Cox regression was used to analyze the association between dietary patterns and risk of diabetes, with stratification for LTPA and follow-up methods (questionnaire only vs health examination) as the interaction term of time with these variables violated proportional hazard assumption. Model 1 adjusted for age, sex, education, family history of diabetes, LTPA, lipid-lowering medication, methods of follow-up. Model 2 additionally adjusted for BMI to estimate the protective association independent of BMI (a mediator). Time of disease occurrence was set to be the time that the first abnormal glucose was identified (HbA1c ≥6.5% or fasting blood glucose ≥7.0 mmol/L). For participants who reported diagnosis of diabetes at questionnaire but could not remember the time of diabetes diagnosis, censor time was set to be half-way between the previous known disease-free time point and the follow-up time in which diabetes was reported. For those who did not report having diabetes in the questionnaire, but were found to have diabetes during health examination, the date of health examination was used as the date of disease onset. Subgroup analyses by gender, baseline metabolic syndrome, fatty liver, BMI (<24 or ≥24 kg/m²), fasting glucose (<5.56 or ≥5.56 mmol/L), TG (<1.69 or ≥1.69 mmol/L), and HDL-C (men: <1.03 or ≥1.03 mmol/L, women: <1.29 or ≥1.29 mmol/L) levels were performed. Test of interaction was performed by including a cross-product term in the regression model.

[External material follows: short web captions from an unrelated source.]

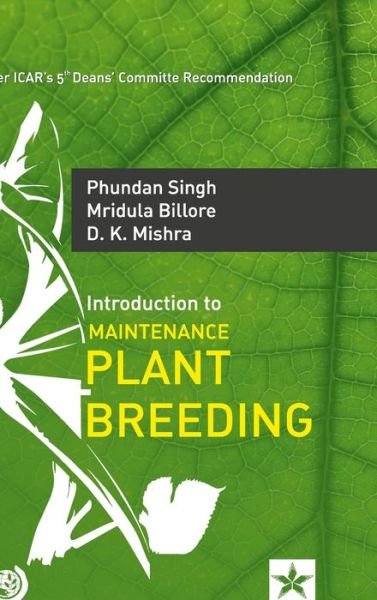 Cover for Phundan Singh · Introduction to Maintenance Plant Breeding (Hardcover Book) (2019)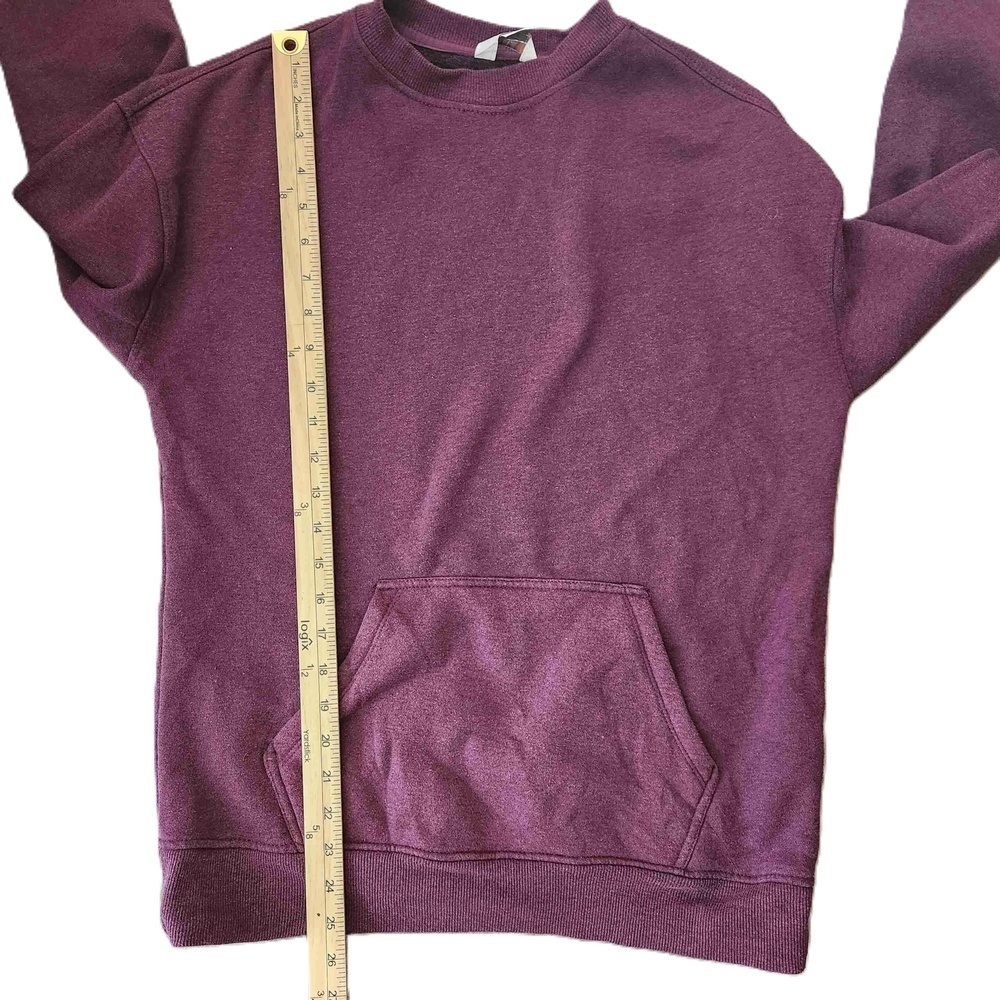 Danskin Maroon Sweatshirt Crew Neck Small - Picture 5 of 10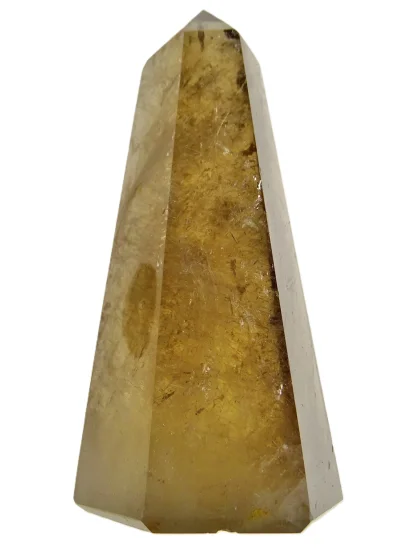 (image for) Rutilated Smoky Quartz: polished point (Madagascar)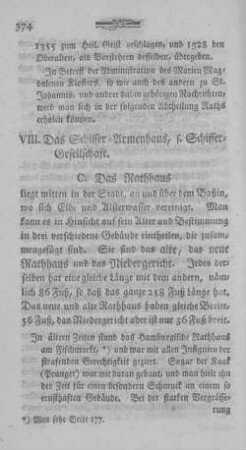 C. Das Rathhaus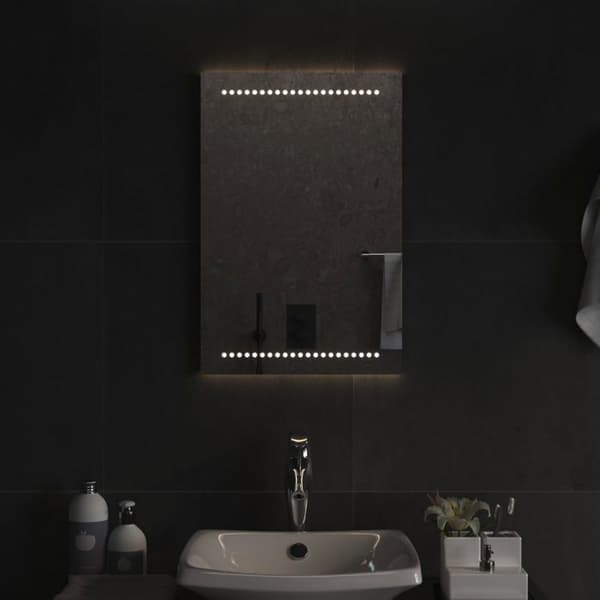 Maison Exclusive - LED-badrumsspegel 40x60 cm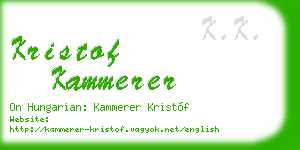 kristof kammerer business card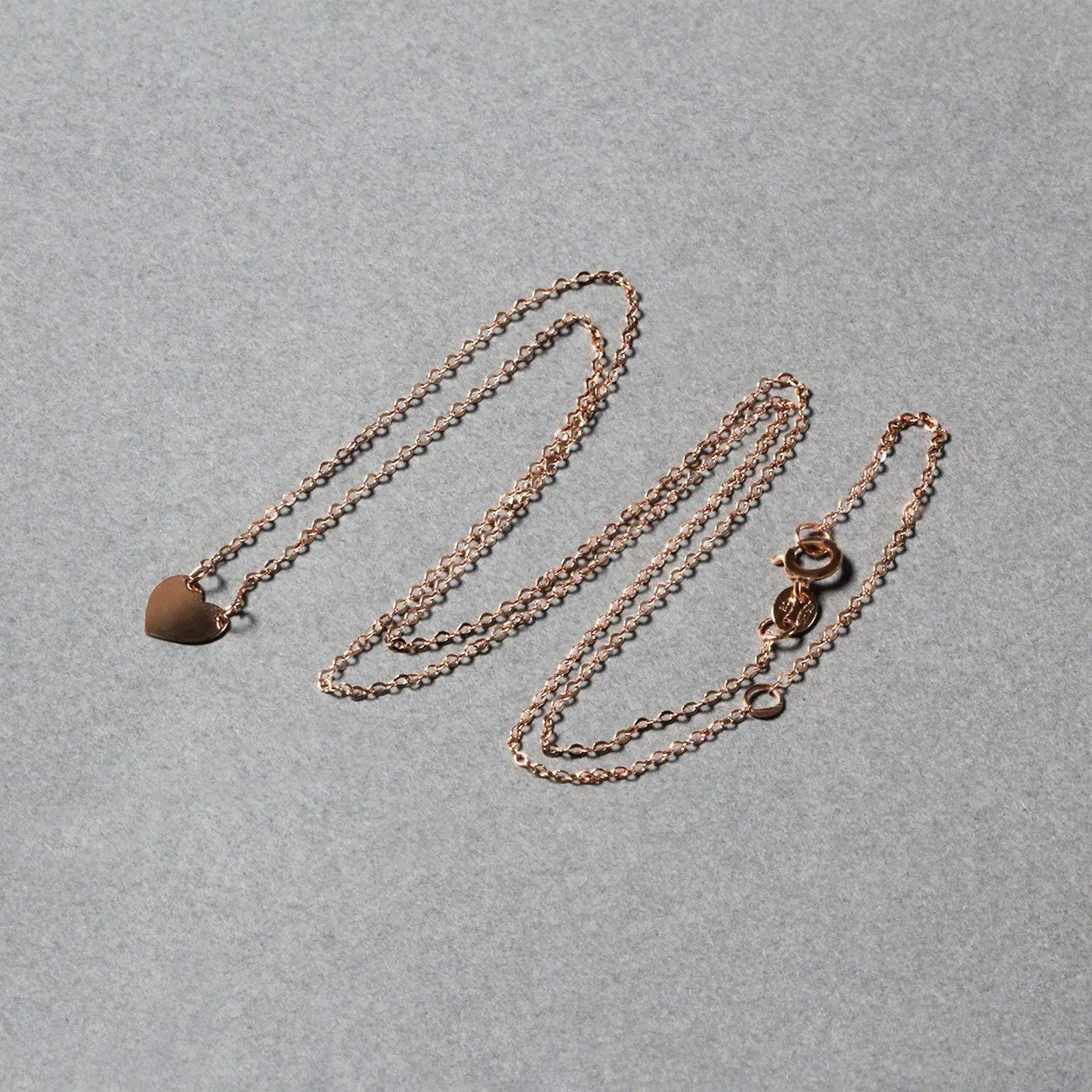 14k Rose Gold Polished Mini Heart Necklace RCJ Necklaces  CELESTIA LUXE JEWELLERS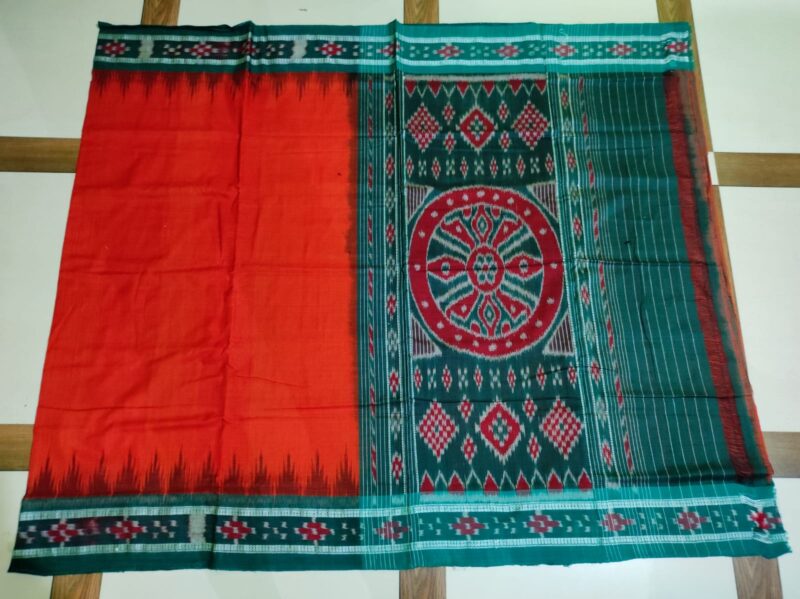 Pasapalli Handloom Cotton Saree with Matching Blouse Piece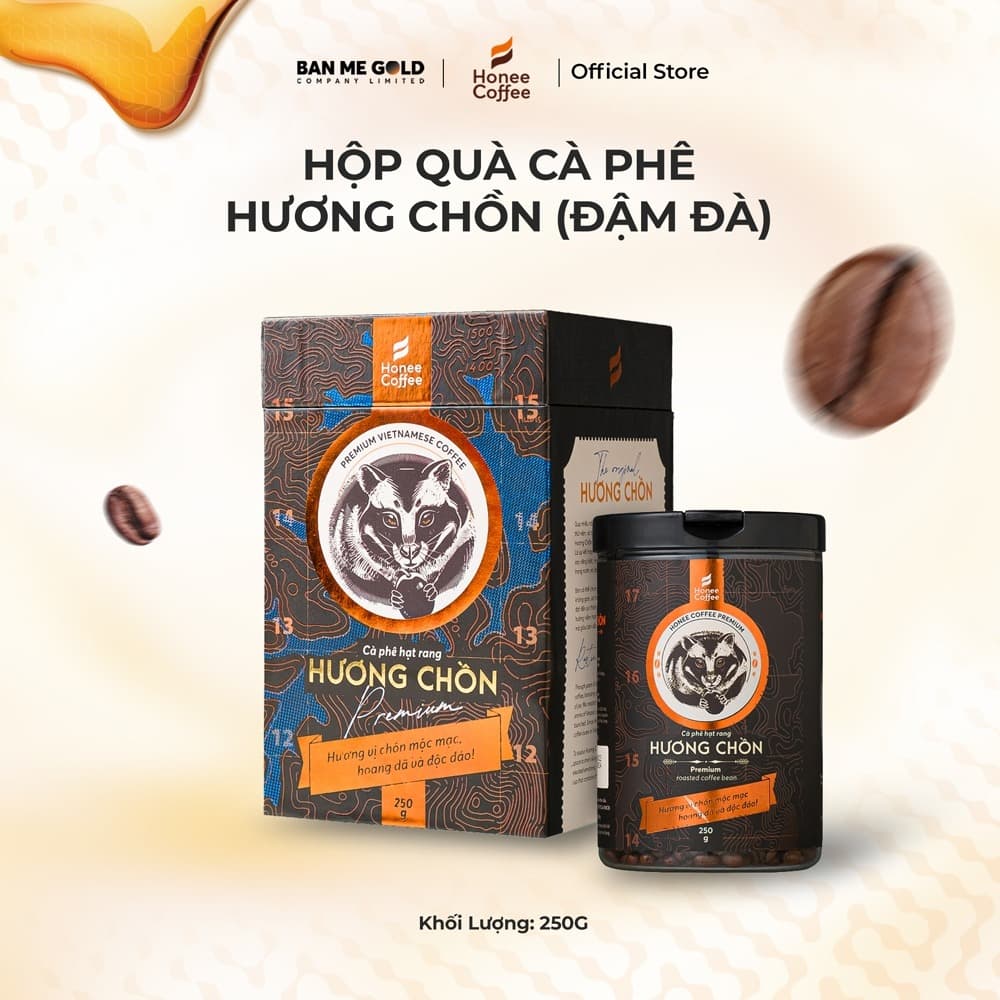 Ban Me Gold Premium Coffee Gift Box 250g Luxury Cat Poop Coffee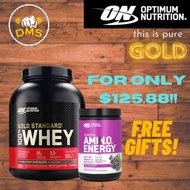 Optimum Nutrition Gold Standard 100% Whey 5LBS- +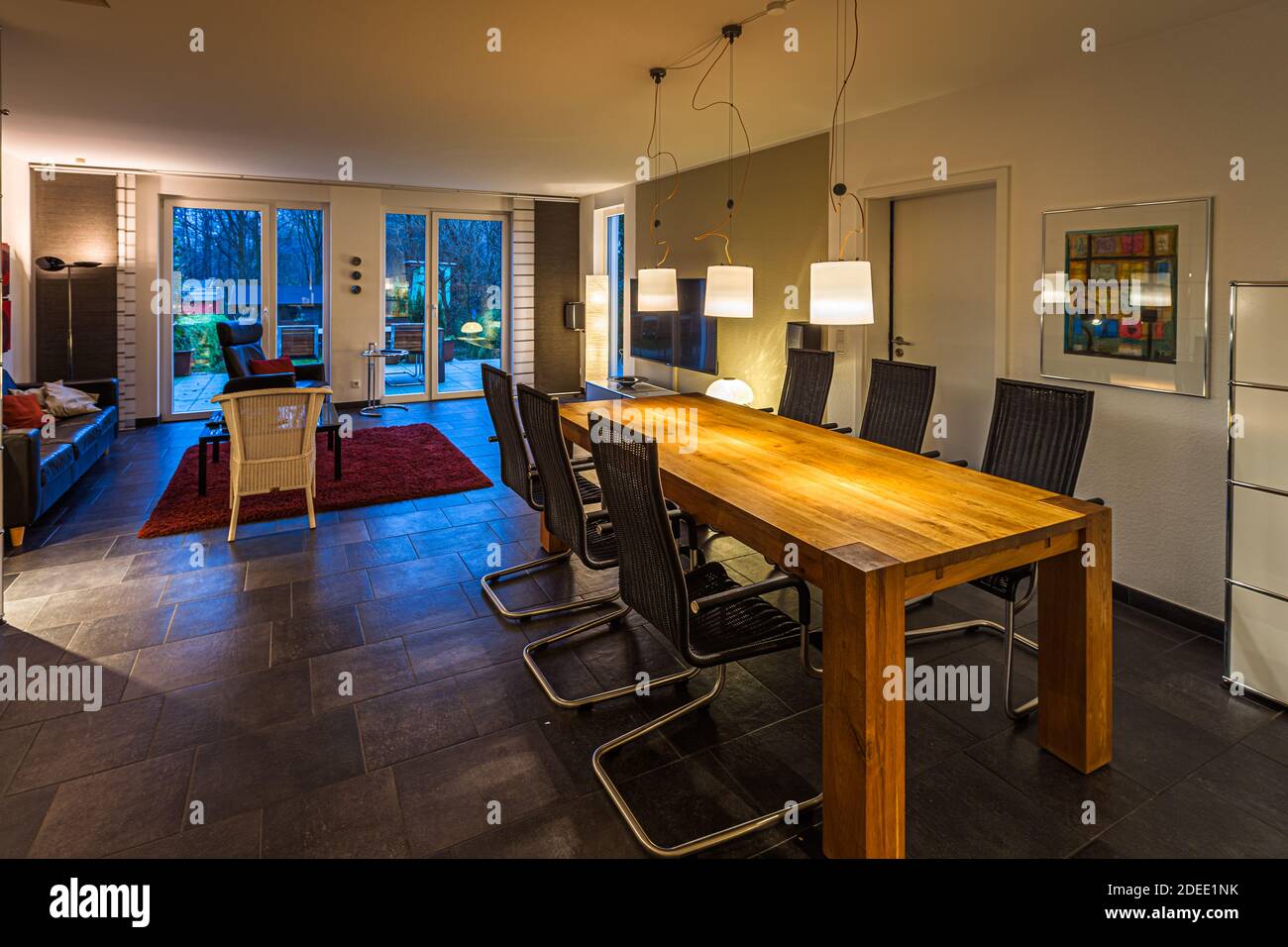 Typical apartment of a German family Stock Photo Alamy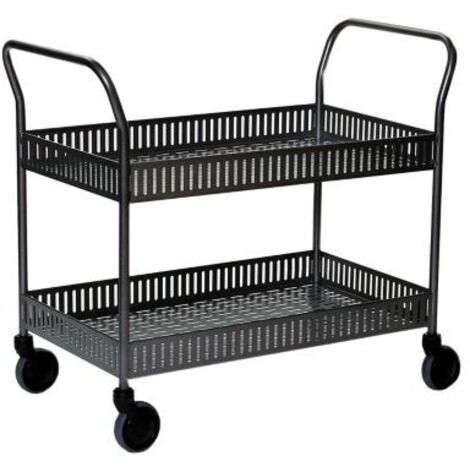 Kongamek Tischwagen mit Rand 1130x550x940mm Ladefläche Anthrazit grau mit Bremse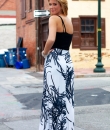 Black and White Maxi Skirt by Diosa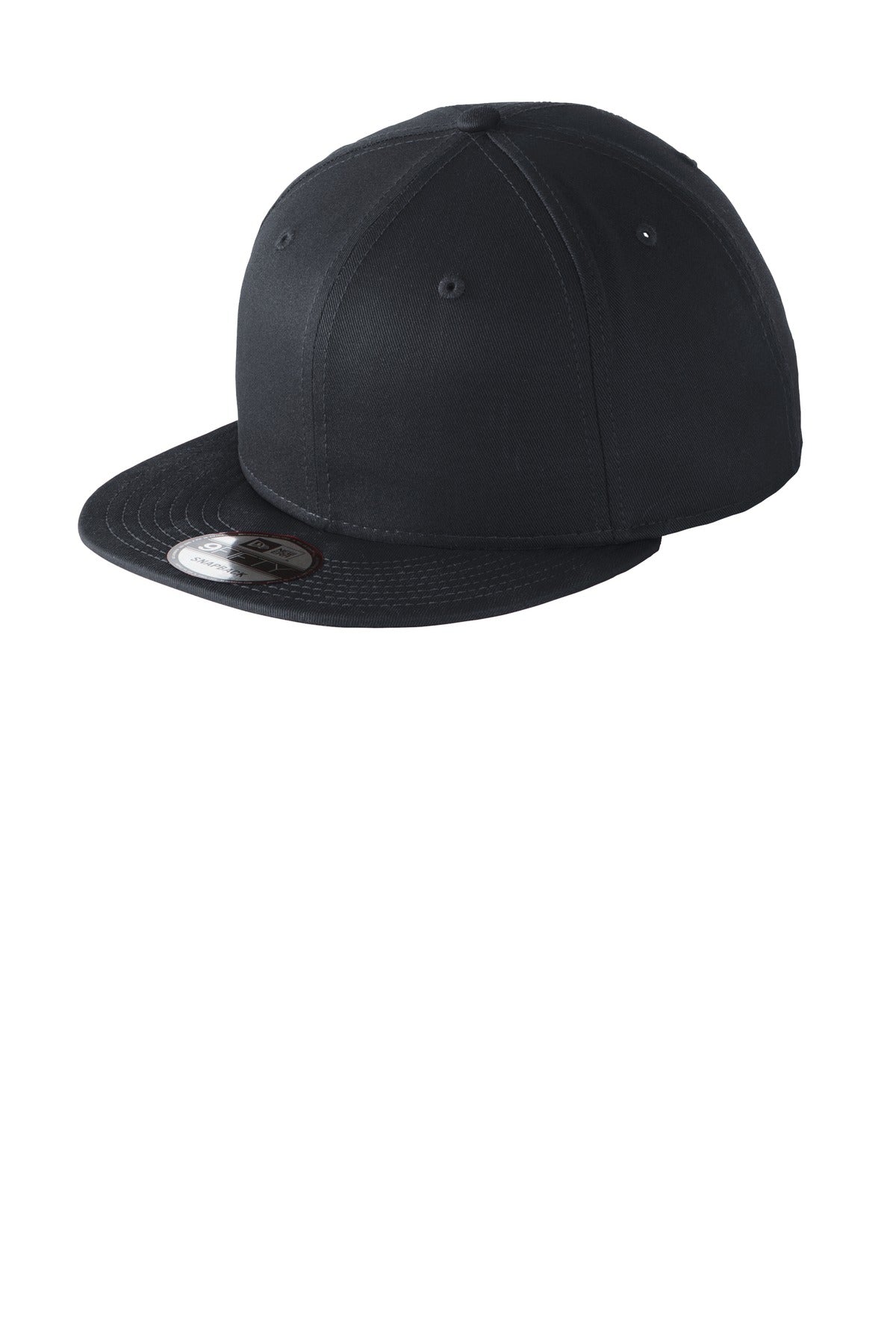 MerchShopAIDev - New Era® Flat Bill Snapback Cap with Leatherette Patch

Several sensitivity analyses were performed: (1) 25 unconfirmed diabetes event were treated as diabetes cases. (2) To ensure our result was not affected by detection bias from different follow-up methods (health examination vs questionnaire-only), we performed another sensitivity analysis in which only self-reported diabetes were counted as cases. (3) We adjusted for metabolic syndrome in addition to Model 2. (4) Age was used as the underlying time scale for Cox regression, with left truncation at study entry. All analysis were conducted using SAS Statistical Software (version 9.4, SAS Institute, Cary, NC).

Results

Exclusion and loss to follow-up

To calculate the incidence of diabetes and avoid bias related to comorbidities, we excluded participants with baseline diabetes or fasting blood glucose ≥7.0 mmol/L (n = 322), reported history of cancer (n = 172), coronary heart disease (n = 194), stroke (n = 26). We also excluded those who have ever used cigarette (n = 691) or alcohol (n = 606), as cigarette smoking may modify the effect of meat on diabetes¹⁷ and alcohol is frequently associated with smoking. This left a total of 3185 participants. We further excluded those lost to follow-up (n = 210), those who did not know about their diabetes status in follow-up questionnaire (n = 8), those missed the item on diabetes diagnosis in the questionnaire (n = 42, likely without diabetes as they responded to a few diseases they had a diagnosis and left all other diseases blank), and unconfirmed diabetes events (n = 25, some may be included as non-cases up until the time that normal blood glucose and HbA1C were observed), leaving a total of 2918 participants in the final analysis. A flow chart summarizing number of participants at each stage is available at Supplemental Figure.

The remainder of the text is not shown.